Nico Rosberg has revealed the sizeable fine he had to pay Mercedes following his famous crash with Lewis Hamilton in 2016.
At the Spanish GP that year, the team-mates-turned-bitter rivals locked out the front-row, with Hamilton on pole, but a tardy start allowed Rosberg to out-drag the sister W07 down to Turn 1.
As they rounded Turn 3, Rosberg had placed his engine into an incorrect power deployment mode, meaning he was harvesting energy and not deploying it, allowing Hamilton to move up the inside for Turn 4.
Rosberg covered the inside, and the two collided - the latest in their bitter feud.
Both drivers were eliminated on the spot, with Max Verstappen going onto score an unlikely win on his Red Bull debut.
Following their 2014 Belgian GP collision and 2016 Austrian one, the Spanish wipeout was the only time during their spell together that both Rosberg and Hamilton retired after contact, with the eventual 2016 champion revealing the hefty fine both were made to pay.

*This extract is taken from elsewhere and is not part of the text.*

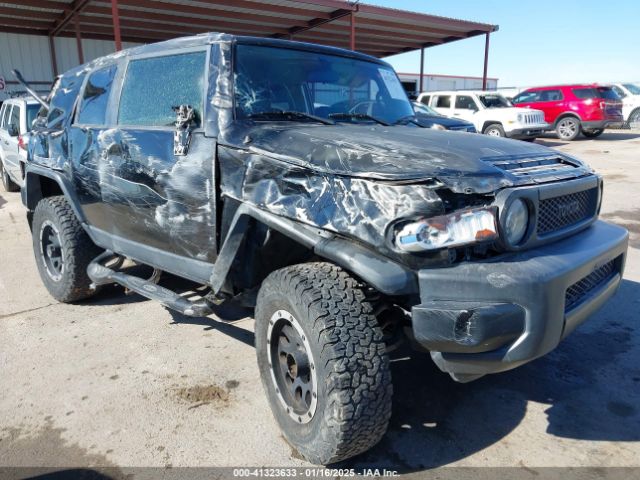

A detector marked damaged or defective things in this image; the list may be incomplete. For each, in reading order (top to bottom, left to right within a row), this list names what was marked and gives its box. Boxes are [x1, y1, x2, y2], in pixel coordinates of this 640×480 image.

"I had a contract that I had to sign, which said that if ever we crash as team-mates, we split the bill 50-50," Rosberg told Sky Sports F1.
"We shared the Barcelona bill."
The German confirmed that his share of the total of "three hundred and sixty thousand", meaning the total once Hamilton's share was provided was €720,000.
Rosberg succinctly summed up the situation as "painful."
The collision was not punished by the stewards after an investigation, with it being seen by boss Toto Wolff to be a pressure relief following the build-up of tensions over the final races of 2015 and start of 2016, including the infamous swap of mechanics across both cars.